Reproduce from the records below, with no pictures, exactly the lines between the one containing "黃夏蕙其中兩個兒子。" and the one containing "Kristen Cornett's 4Warn", inclusive.

***** Extracted data

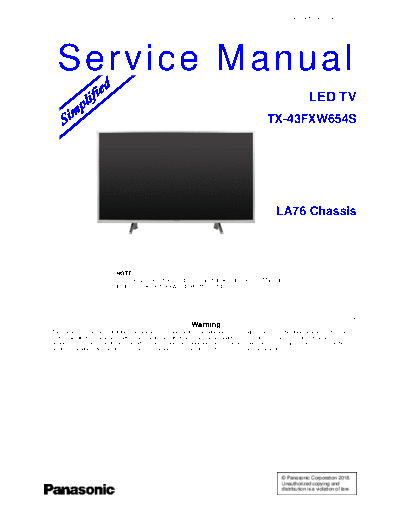 panasonic PCZ1804034AE  panasonic LED TX-43FXW654S PCZ1804034AE.pdf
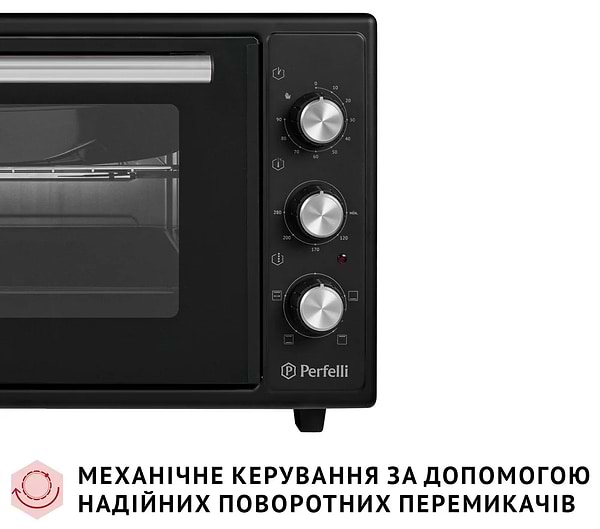 Фото - Печь электрическая Perfelli MIRAGE 37 BLACK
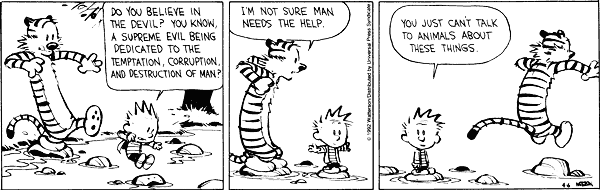 Calvin-and-Hobbes-Discuss the Devil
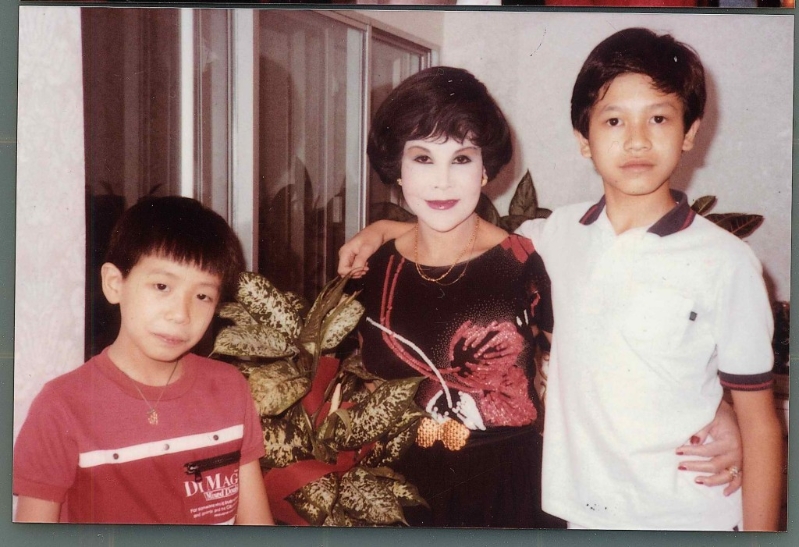 黃夏蕙其中兩個兒子。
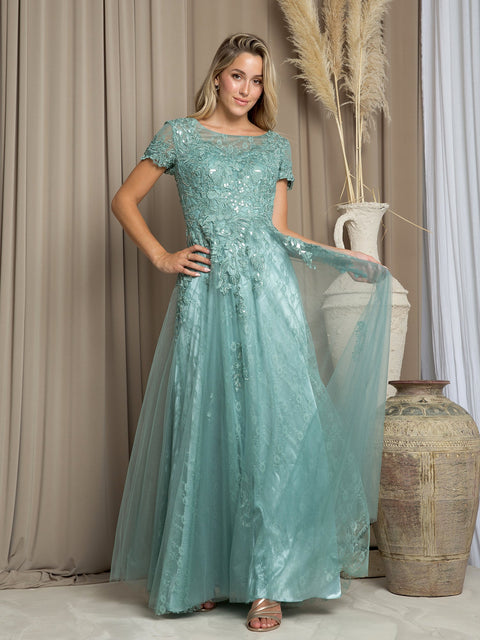 Eva Fashion 5261 A Line Mother of the Bride Gown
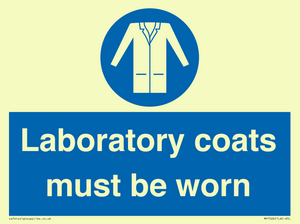 MP7026: Laboratory coats must be worn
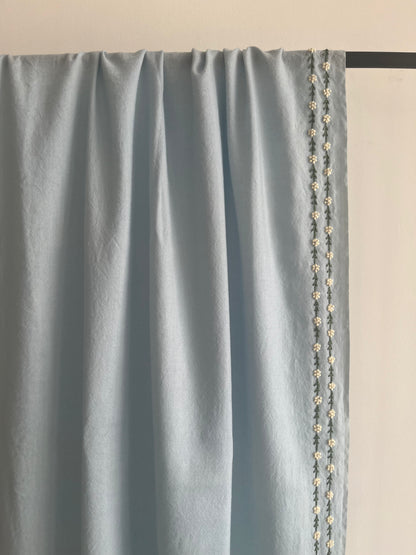 Sky Wool Silk Stole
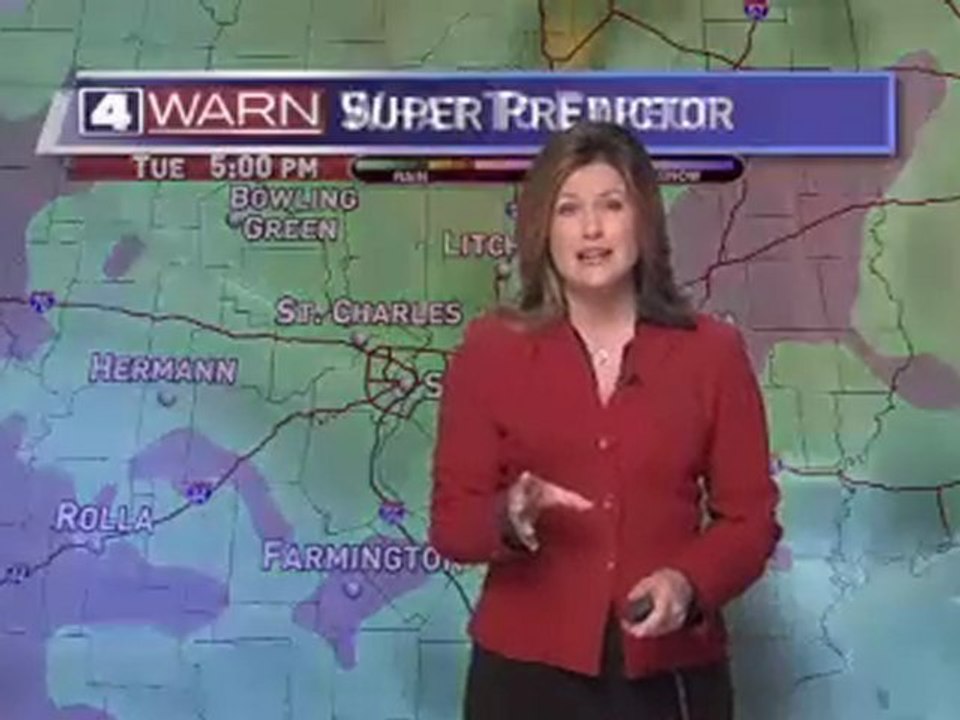 Kristen Cornett's 4Warn Forecast - KMOV - News 4 - 2009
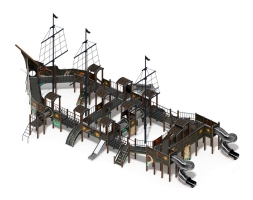 Детская игровая площадка Баркентина Летучий Голландец (нержавейка скат) ДИК 2.03.3.06-21 H=1200 Н=1500 H=2000, фото 2 Детская игровая площадка Баркентина Летучий Голландец (нержавейка скат) ДИК 2.03.3.06-21 H=1200 Н=1500 H=2000, фото 2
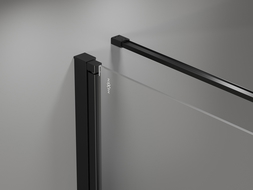 Mexen Mist-F сгъваема душ кабина лява 100 x 70 см, прозрачна, черна - 8A6T-100-070-70-00-L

**********

● **Solution to the exercise**:
 黃夏蕙其中兩個兒子。
 Eva Fashion 5261 A Line Mother of the Bride Gown
 MP7026: Laboratory coats must be worn
 Sky Wool Silk Stole
 Kristen Cornett's 4Warn Forecast - KMOV - News 4 - 2009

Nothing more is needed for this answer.